The Hadoop Distributed File System [@Hadoop][@HDFS] is a distributed file system that stores data across all the nodes (machines) of a Hadoop cluster. HDFS splits large data files into
smaller blocks (chunks of data) which are managed by different nodes in a cluster. Each
block is also replicated across several nodes as an attempt to ensure
that a full copy of the data is still available even in the case of
computing node failures. The block size as well as the number of
replications per block are fully customized by users when they create
files on HDFS. By default, the block size is set to 64 MB with a
replication factor of 3, meaning that the system may encounter at least
two concurrent node failures without losing any data. HDFS also actively
monitors failures and re-replicates blocks on failed nodes to make sure
that the number of replications for each block always stays at the
user-defined settings. Thus, if a node fails, and only two copies of
some data exist, the system will quickly copy those data to a working
node, thus raising the number of copies to three again. This dynamic
replication is the primary mechanism for fault tolerance in Hadoop.

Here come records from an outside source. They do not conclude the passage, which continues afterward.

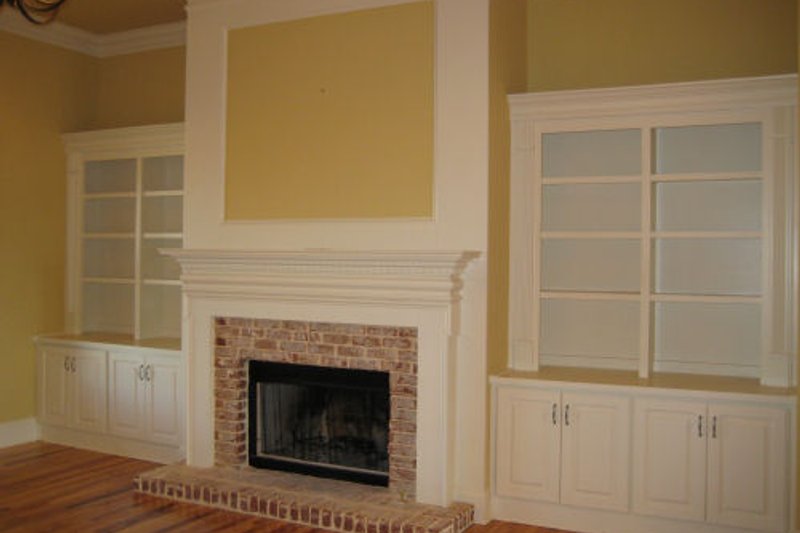 Architectural House Design - Photo 2 for European House Plan #437-41 - 4 bed, 4 bath
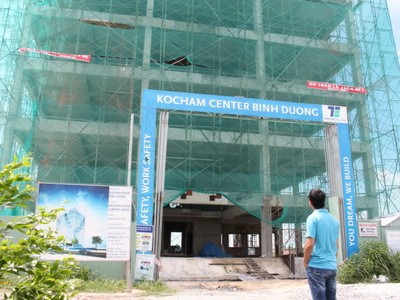 Tòa nhà Kocham Bình Dương đã được xây tới tầng thứ 8 (ảnh chụp ngày 31-7) - Ảnh: ĐÌNH TRỌNG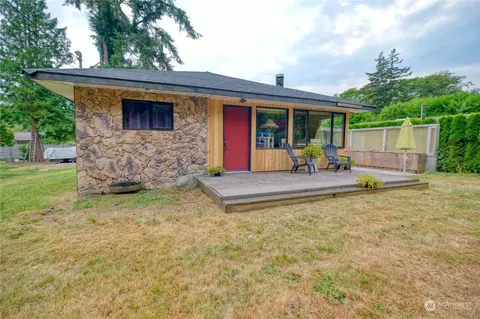 1369 Park Ln, Point Roberts, WA 98281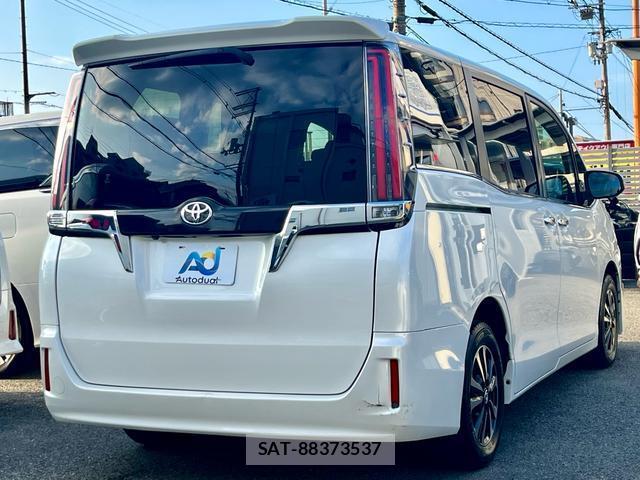Toyota ESQUIRE 2017-09 8854342-2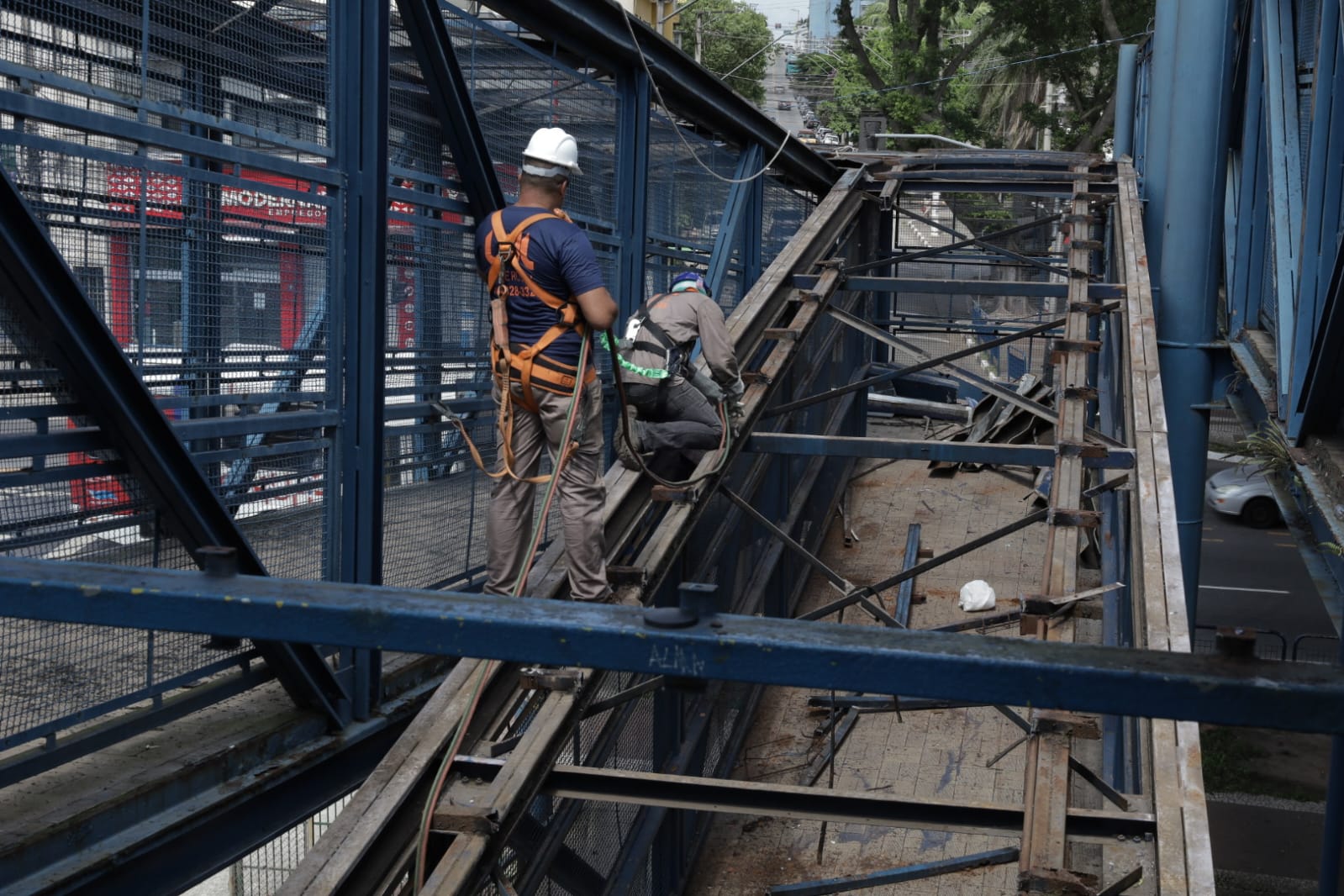 PREFEITURA DE MAUÁ INICIA OBRA DE REFORMA TOTAL DA PASSARELA CENTRAL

Note that data blocks are replicated and distributed across several
machines. This could create a problem for users, because if they had to
manage the data manually, they might, for example, have to access more
than one machine to fetch a large data file. Fortunately, Hadoop
provides infrastructure for managing this complexity seamlessly, including command
line programs as well as an API that users can employ to interact with
HDFS as if it were a local file system. For example, one can run simple Linux commands such as ls and mkdir to list and create a directory on HDFS, or even use to inspect file
contents the same way as one would do in a Linux file system. The following code
shows some examples of interacting with HDFS.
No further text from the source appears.